Paul
Goble
Staunton, November 21 – Analysts and
commentators have pointed to a variety of factors that they suggest are behind
the growth of terrorism in the world in recent decades, but a KPRF Duma deputy
has identified one few have talked much about. Sergey Gavrilov says that
“terrorism is the result of the destruction of the Soviet Union.”
But this is not an indirect tip of
the hat to Samuel Huntington’s ideas about “the clash of civilizations” but
rather an adumbration of a world many in Moscow and some in the West would like
restored: a world of blocs in which the leader of each would have a vested
interest in maintaining stability in its clients, regardless of how
authoritarian such regimes might be.
Such a world might again purchase a
temporary stability as it did in parts of the world during the Cold War, but it
would do so only at the cost of depriving millions of the possibility of
freedom and of creating the seedbeds of terrorism that such brittle
authoritarian regimes would inevitably once again become.
The coordinator of the Duma
deputies’ group for defense of Christian values tells the Russian nationalist
portal, “Russkaya liniya,” that “the USSR contained all these trends and
guaranteed peace in the Middle East.” Its demise created “a vacuum” terrorists
have filled
Such groups, and ISIS is only one of
them, and the weak authoritarian regimes in which they have emerged, including
Syria and Iraq, Gavrilov continues, are “the products of American colonial
policy which destroys states, undermines traditional values, violates human
rights, and supports terrorists.”
Citing a recent declaration by the
presidium of the KPRF Central Committee, the Duma deputy says that “for the
destruction of the world terrorist threat, one must recognize that an
international anti-terrorist coalition is necessary but it is not a panacea.”
Other steps are needed as well, he argues.
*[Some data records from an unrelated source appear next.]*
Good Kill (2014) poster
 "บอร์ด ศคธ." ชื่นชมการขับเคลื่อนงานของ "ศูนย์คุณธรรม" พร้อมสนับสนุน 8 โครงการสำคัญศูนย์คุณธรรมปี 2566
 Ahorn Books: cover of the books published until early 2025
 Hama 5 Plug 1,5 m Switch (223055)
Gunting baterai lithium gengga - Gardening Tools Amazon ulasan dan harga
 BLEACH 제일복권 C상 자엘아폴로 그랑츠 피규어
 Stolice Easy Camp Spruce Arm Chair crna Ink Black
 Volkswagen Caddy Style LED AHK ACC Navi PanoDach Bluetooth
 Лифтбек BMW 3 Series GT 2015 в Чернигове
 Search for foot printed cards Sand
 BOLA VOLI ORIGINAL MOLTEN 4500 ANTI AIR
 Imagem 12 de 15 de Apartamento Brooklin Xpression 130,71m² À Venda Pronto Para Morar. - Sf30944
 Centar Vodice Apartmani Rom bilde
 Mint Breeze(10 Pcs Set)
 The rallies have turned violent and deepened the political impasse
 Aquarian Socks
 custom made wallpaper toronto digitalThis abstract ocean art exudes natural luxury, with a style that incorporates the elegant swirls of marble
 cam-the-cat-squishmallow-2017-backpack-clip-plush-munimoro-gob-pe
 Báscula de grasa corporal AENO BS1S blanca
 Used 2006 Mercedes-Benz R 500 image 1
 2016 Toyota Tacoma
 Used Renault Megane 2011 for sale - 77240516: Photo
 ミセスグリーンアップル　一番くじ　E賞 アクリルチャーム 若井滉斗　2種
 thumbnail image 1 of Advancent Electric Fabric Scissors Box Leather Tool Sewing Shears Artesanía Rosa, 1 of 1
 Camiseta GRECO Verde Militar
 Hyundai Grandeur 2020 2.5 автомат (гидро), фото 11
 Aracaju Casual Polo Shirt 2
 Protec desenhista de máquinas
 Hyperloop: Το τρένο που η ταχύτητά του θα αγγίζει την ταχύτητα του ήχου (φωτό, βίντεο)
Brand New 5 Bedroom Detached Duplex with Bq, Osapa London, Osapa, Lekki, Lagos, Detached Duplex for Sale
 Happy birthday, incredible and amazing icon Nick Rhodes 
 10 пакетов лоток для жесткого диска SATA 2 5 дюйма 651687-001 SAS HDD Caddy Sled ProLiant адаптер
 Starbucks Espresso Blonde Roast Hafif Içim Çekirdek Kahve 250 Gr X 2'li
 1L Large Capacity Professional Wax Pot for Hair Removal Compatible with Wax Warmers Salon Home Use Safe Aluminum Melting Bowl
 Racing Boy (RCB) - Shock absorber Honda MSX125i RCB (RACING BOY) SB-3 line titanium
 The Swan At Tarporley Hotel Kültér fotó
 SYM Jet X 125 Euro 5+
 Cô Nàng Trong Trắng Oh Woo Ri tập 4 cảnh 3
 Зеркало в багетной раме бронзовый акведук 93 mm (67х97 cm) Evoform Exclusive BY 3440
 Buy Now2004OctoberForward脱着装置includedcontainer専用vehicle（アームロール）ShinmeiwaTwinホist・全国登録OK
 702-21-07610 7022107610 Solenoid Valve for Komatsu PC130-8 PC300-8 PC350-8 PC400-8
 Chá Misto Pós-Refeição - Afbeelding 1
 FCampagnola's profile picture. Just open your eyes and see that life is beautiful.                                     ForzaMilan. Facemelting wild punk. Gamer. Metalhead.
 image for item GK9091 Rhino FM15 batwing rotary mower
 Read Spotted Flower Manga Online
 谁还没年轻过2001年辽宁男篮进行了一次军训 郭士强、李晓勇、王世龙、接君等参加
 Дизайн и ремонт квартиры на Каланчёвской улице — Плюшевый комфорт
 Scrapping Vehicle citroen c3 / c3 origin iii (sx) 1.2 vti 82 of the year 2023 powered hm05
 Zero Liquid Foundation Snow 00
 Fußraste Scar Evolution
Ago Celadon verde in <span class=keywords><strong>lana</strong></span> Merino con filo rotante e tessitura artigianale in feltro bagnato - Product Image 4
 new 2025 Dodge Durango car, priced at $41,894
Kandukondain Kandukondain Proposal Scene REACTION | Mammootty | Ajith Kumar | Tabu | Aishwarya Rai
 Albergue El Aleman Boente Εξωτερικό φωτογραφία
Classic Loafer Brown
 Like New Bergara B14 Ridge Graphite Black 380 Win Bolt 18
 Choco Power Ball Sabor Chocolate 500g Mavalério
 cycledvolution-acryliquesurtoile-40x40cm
“Any political steps in this
direction,” Gavrilov says, “will not be effective without a real struggle for
the future of the entire world in Syria because ISIS today is the chief force
antagonistic to society. And [Russia] over a quite short time has achieved
greater success in the struggle with terrorists than the US has over a longer
time despite its coalition.”
According to the KPRF deputy, “it
should not be forgotten that namely the West often supports terrorism as it did
with the overthrow of power in Ukraine in 2014, an action carried out by the
hands of pro-fascist groups.” The world “closed its eyes two the bestial
actions of the militants in the Maidan and also to the fact of the murders of
dozens of people in Odessa.”
“The struggle with
terrorism is both correct and necessary,” he says. “And the unification of the
world against the terrorist threat is something every healthy-minded person
supports. But for this tumor to be destroyed, everything that promotes its
growth must be rooted out –in particular, the dividing of terrorists into ‘good’
and ‘bad,’” something the West practices.
Having devoted most of his interview
to the idea that the collapse of the USSR and the end of the Cold War division
of the world lies behind the rise of terrorism, Gavrilov says at the end that “besides
this,” poverty, which he insists is the product of capitalism, also plays a
role and must be overcome if terrorism is to be defeated.